Marine Le Pen vows to build alliances in wake of heavy defeat

Defeated far-right leader Marine Le Pen is already targeting parliamentary elections next month.

Marine Le Pen vows to build alliances in wake of heavy defeat

Defeated far-right leader Marine Le Pen is already targeting parliamentary elections next month.

Ms Le Pen's loss to centrist Emmanuel Macron still gave her a historic number of votes, reflecting the changing image of her once-pariah National Front party from fringe force to a political heavyweight.

Always a fighter defying the odds, the ambitious Ms Le Pen set a new challenge for herself in the weeks ahead: "a profound reformation of our movement to constitute a new political force".

The National Front's interim president, named while Ms Le Pen campaigned for Sunday's run-off, said the changes include giving the party a new name.

"It's opening the doors of the movement to other personalities," Steeve Briois said.

Changing the name was discussed at the height of Ms Le Pen's efforts to scrub the party image and remove traces of racism and anti-Semitism that scared away potential backers.

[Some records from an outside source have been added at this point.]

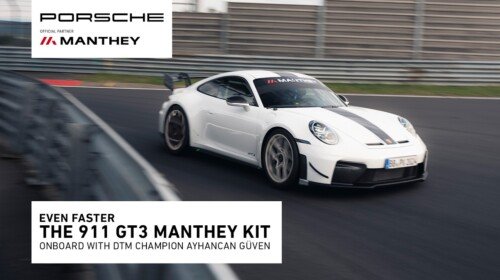 Porsche 911 GT3 (992.2) Manthey Kit Nürburgring laptime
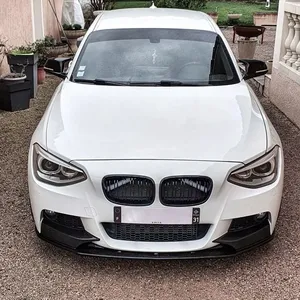 สตาร์นาว สำหรับรถยนต์ซีรีส์ 1 รุ่น F20 F21 M Sport ปี 2011 2012 2013 2014 ชุดแต่งกันชนหน้าแบบ Pre-LCI พร้อมลิ้นสปอยเลอร์และดิฟฟิวเซอร์ อะไหล่แต่งรถยนต์ - Product Image 4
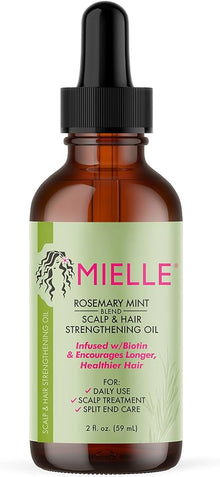  Mielle Rosemary Mint Light Scalp & Hair Strengthening Oil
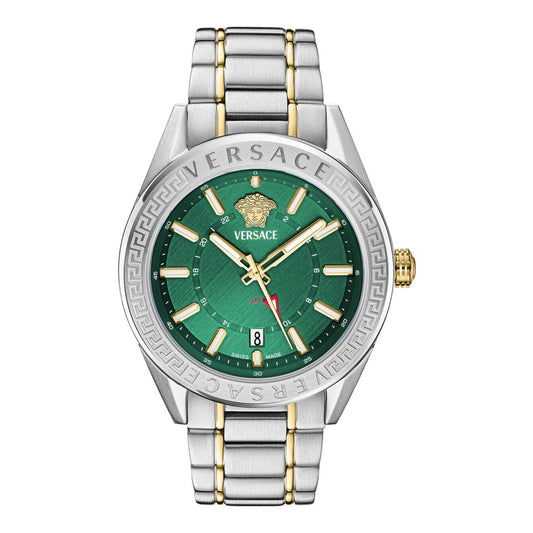 Versace VEAFA0524 V-Code GMT Herrenuhr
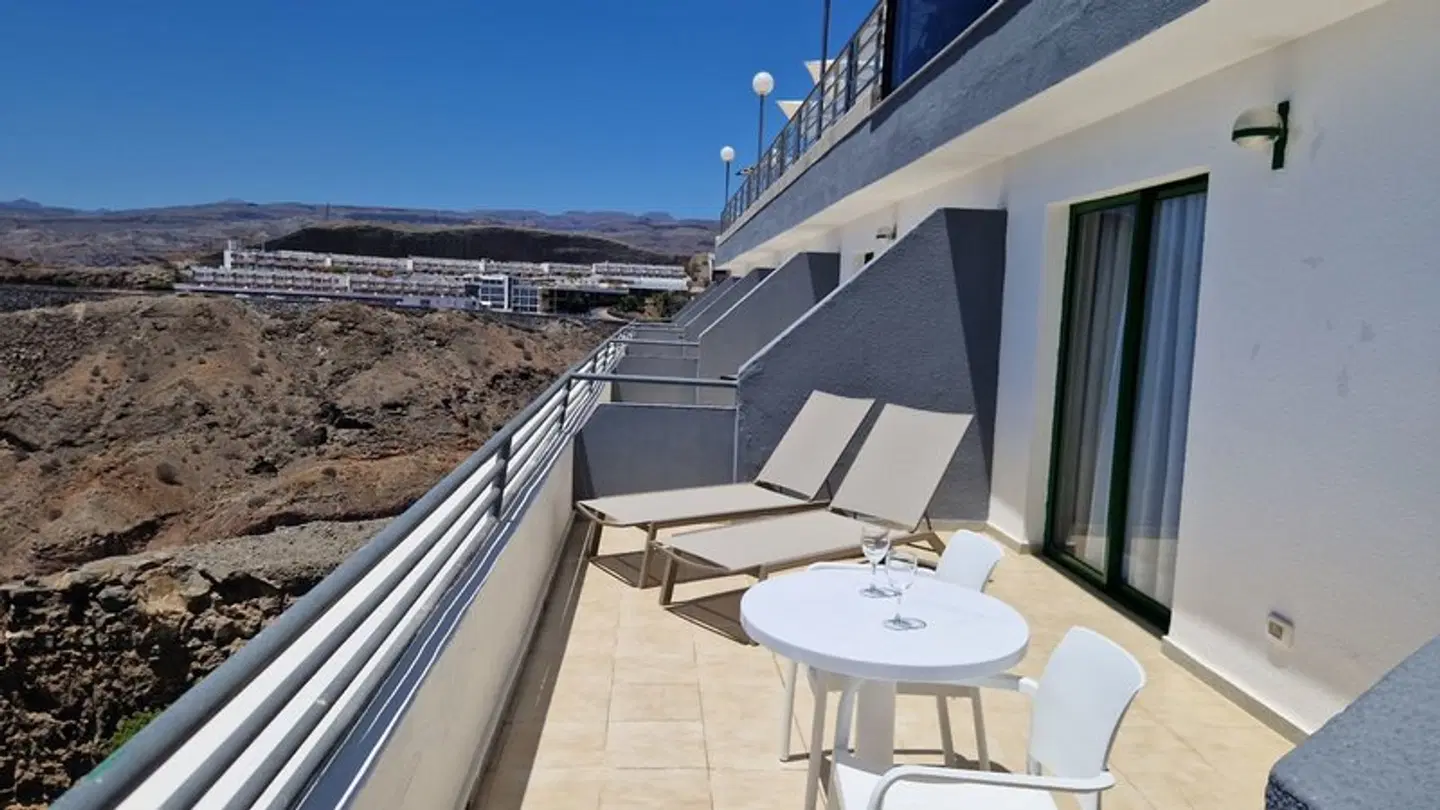Chatur Palmera Mar Terrasse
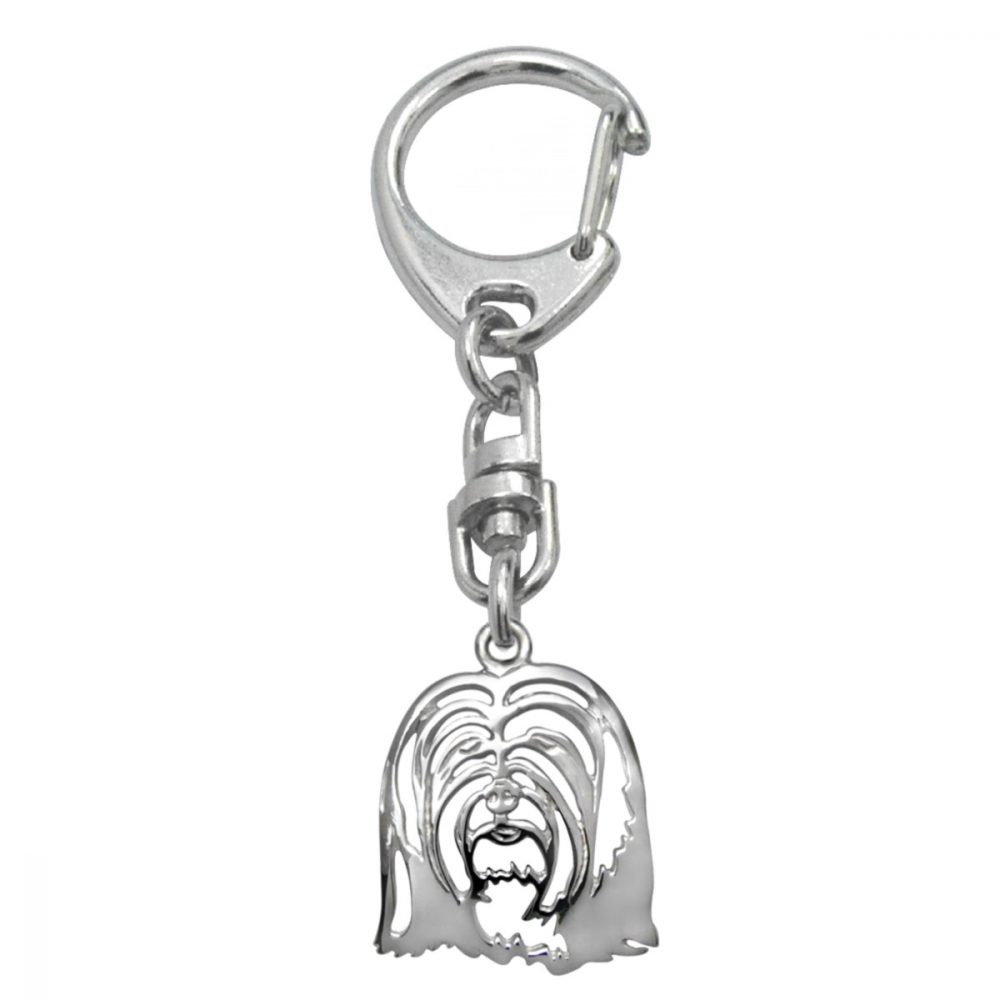 Tibtan Terrier – keyring - 1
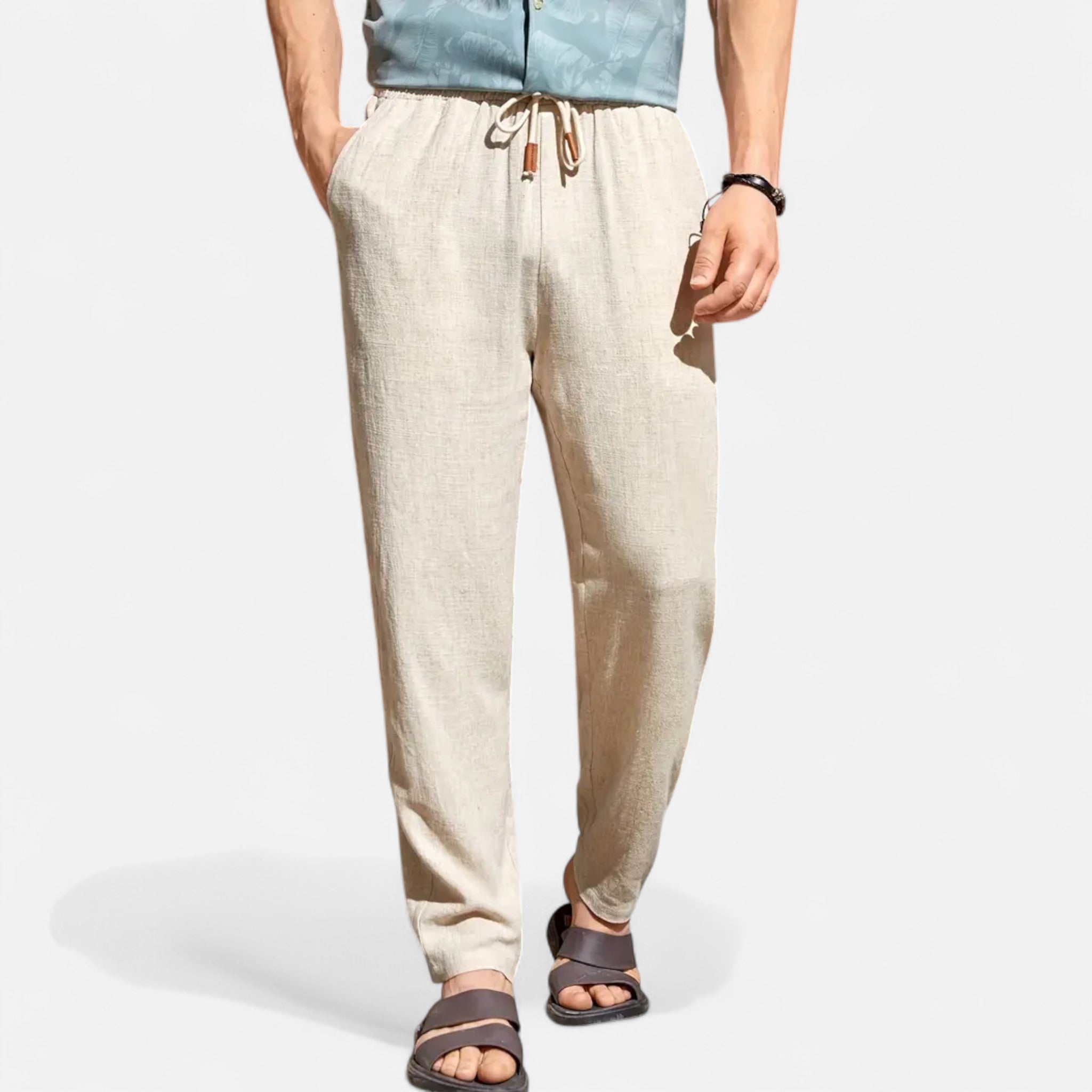 Solènne | Men’s Heritage Casual Trousers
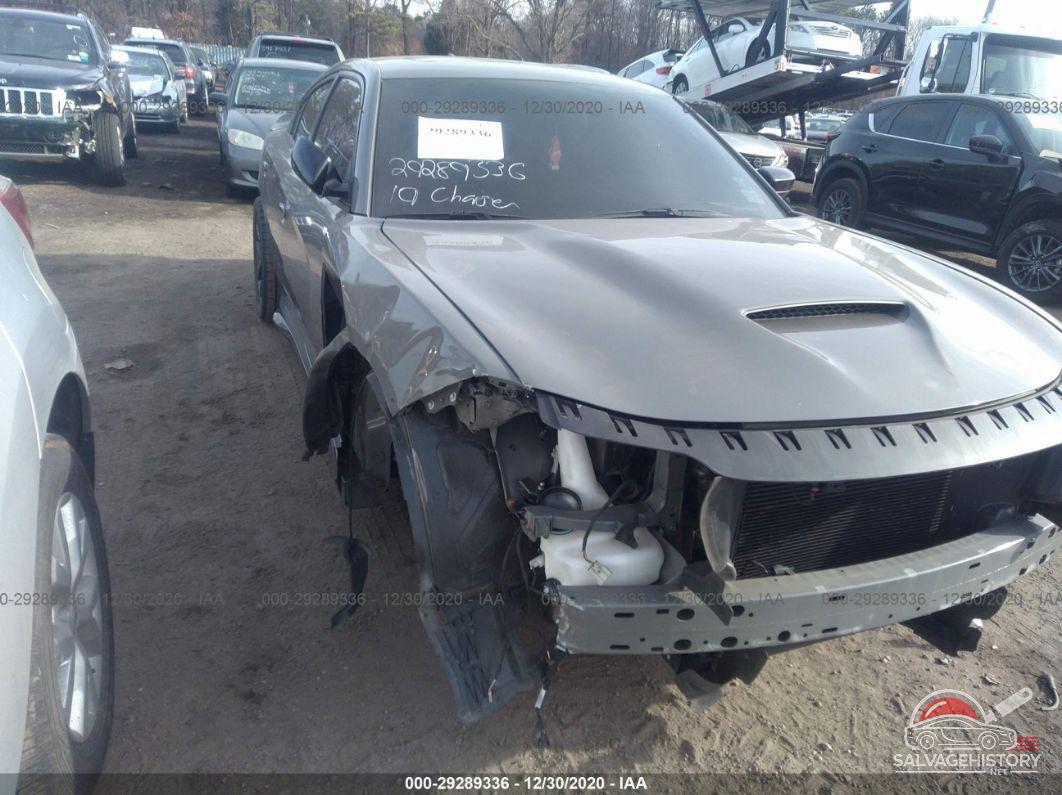 2C3CDXCT5KH608096 2019 DODGE CHARGER photo no. 8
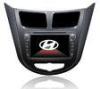 7&quot; Inch Digital HYUNDAI VERNA Bluetooth Car DVD Players With GPS Navigation HDV-7967GD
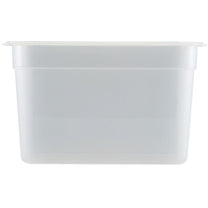 Food Storage Containers – Gastronomy container made of transparent polypropylene - Carlat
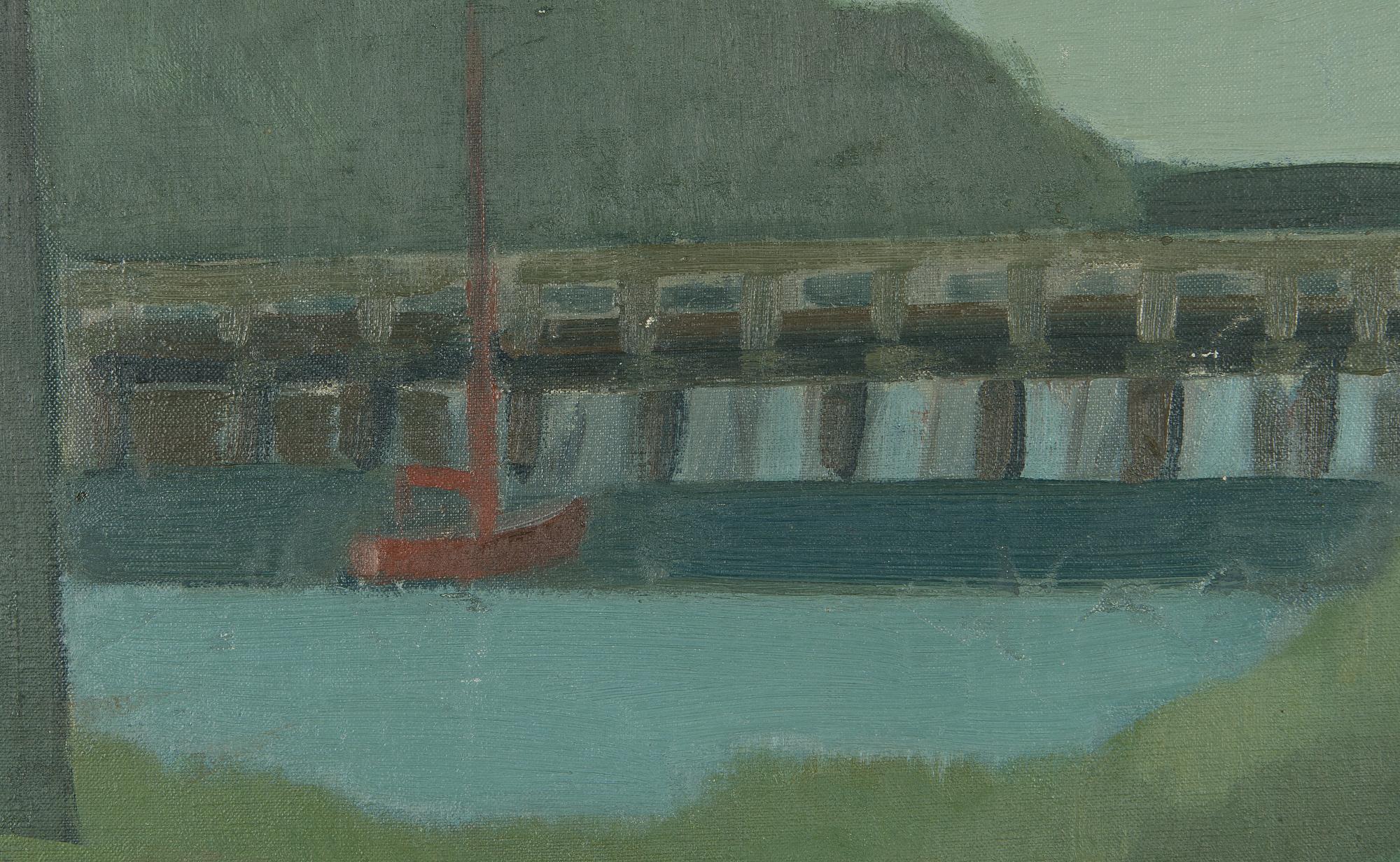 Tuomas Nelimarkka, Vehreä maisema.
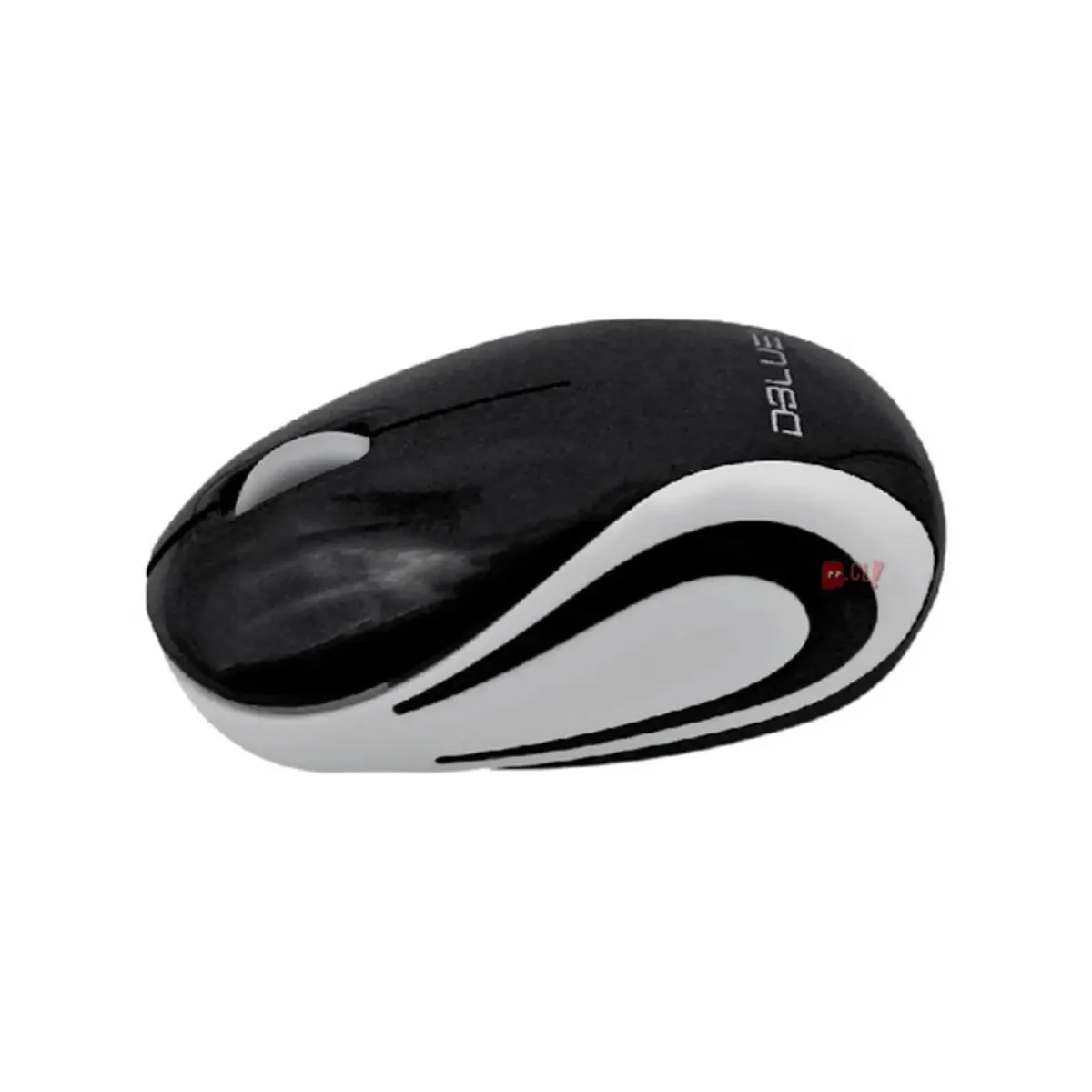 DBLUE - Mouse Inalámbrico Óptico Color Negro - Ps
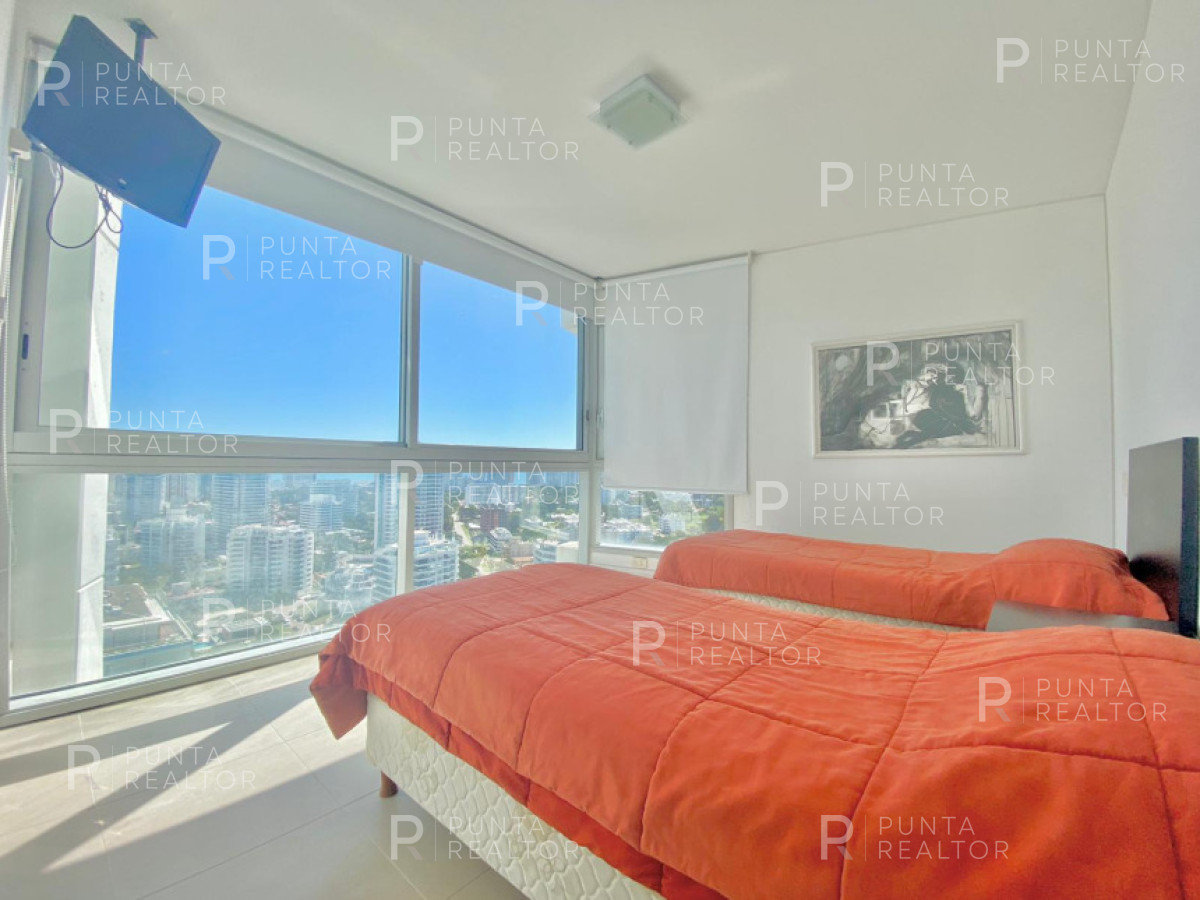 Apartamento ID.2693 - Exclusivo departamento esquinero en venta y alquiler temporal en Playa Brava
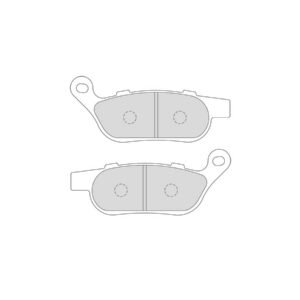 Sintered Replacement Brake Pads Sinter Rear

Party stalwarts saw the change as too radical.

A new name would help Ms Le Pen distance herself from the old guard, including her father, party founder Jean-Marie, who was kicked out under his daughter's image revamping.

Ms Le Pen, who came third in the 2012 presidential election, has spent years planting a grassroots structure for her party.

In 2014, the National Front won 11 towns in municipal elections, and her party performed better than any in France in elections for the European Parliament, where she co-presides over a far-right group.

Now she vows to go further with still more changes to reach an even wider spectrum of voters, "those who choose France, defend its independence, its freedom, its prosperity, its security, its identity and its social model".

"I will be at the head of this combat," she said.

Ms Le Pen credited herself with upsetting the French political landscape, creating a divide "between patriots and globalists".

"It is this great choice ... that will be submitted to the French in legislative elections," she said in her concession speech.

She said she will seek new alliances, after one she clinched ahead of the run-off with the leader of a small conservative party, Nicolas Dupont-Aignan.

Ms Le Pen called on "patriots", the word she uses to describe herself, to join her.

The deck is stacked against the National Front despite its strength.

It now has only two deputies in the National Assembly due to a voting system that favours more mainstream parties.